▶ _What to produce_:
Please make an exact copy of the lines from the one holding "سوئیت یک خوابه گل سرخ 1" through the end of the data, both ends included, with no pictures.

▶ _Available data_:
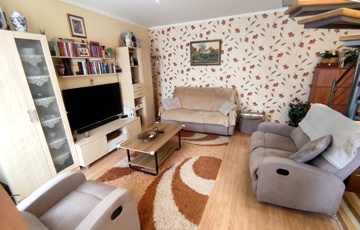 Eladó családi ház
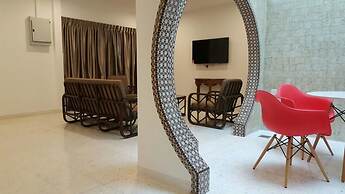 Villa 8M by Gingerflower Boutique Hotel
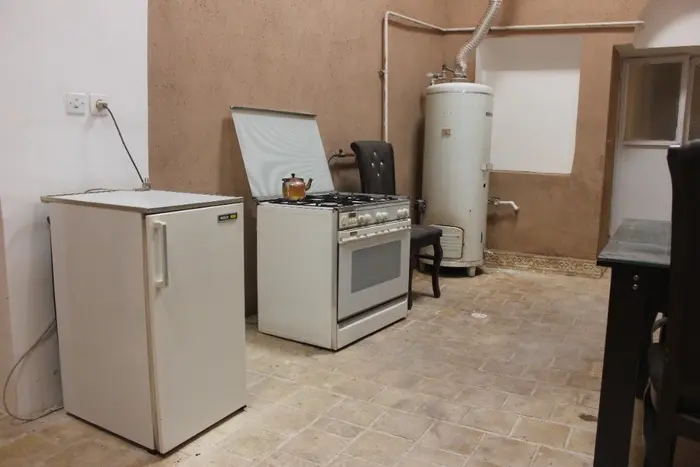 سوئیت یک خوابه گل سرخ 1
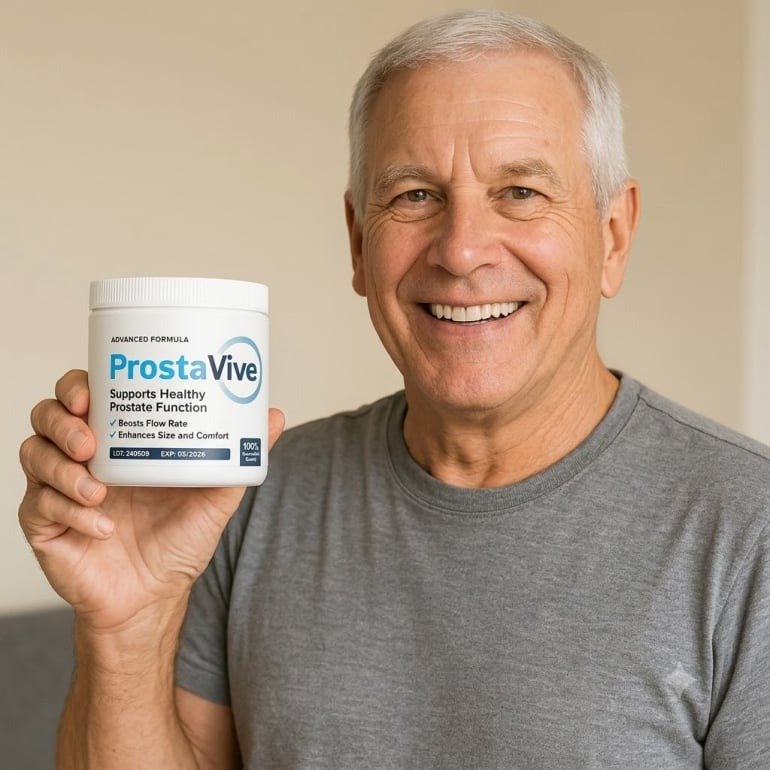 Prostavive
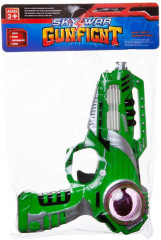 Бластер «Космический» - Фото 1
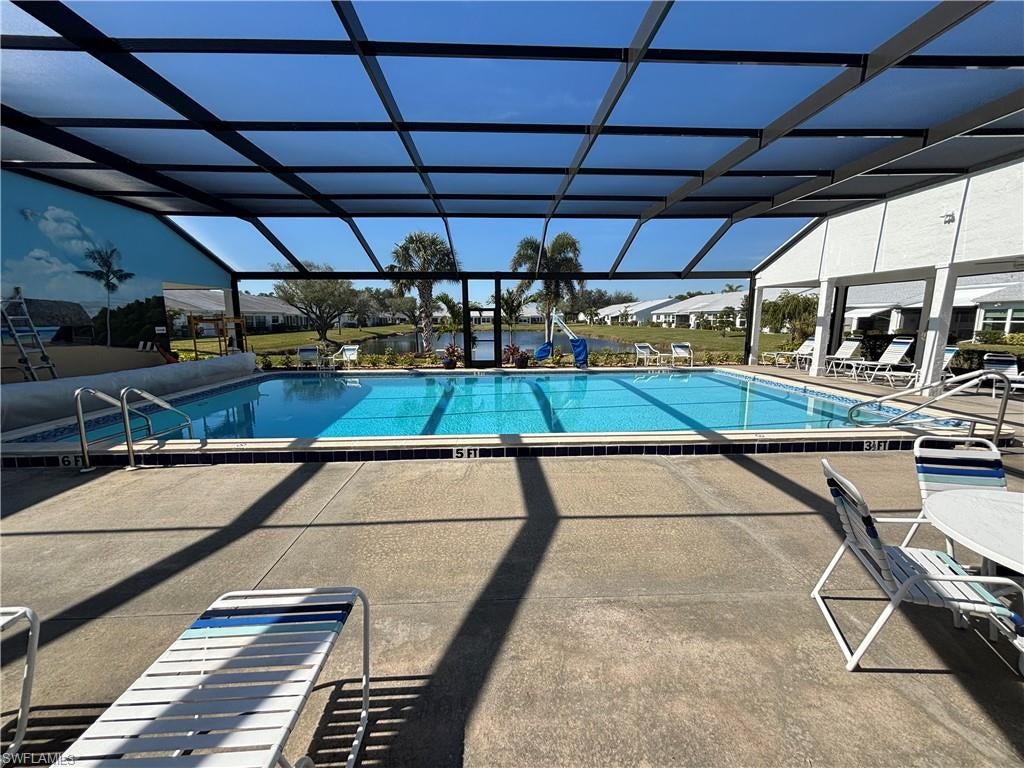 MYERLEE PARK HOMES CONDO - Residential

▶ _Written answer_:
 سوئیت یک خوابه گل سرخ 1
 Prostavive
 Бластер «Космический» - Фото 1
 MYERLEE PARK HOMES CONDO - Residential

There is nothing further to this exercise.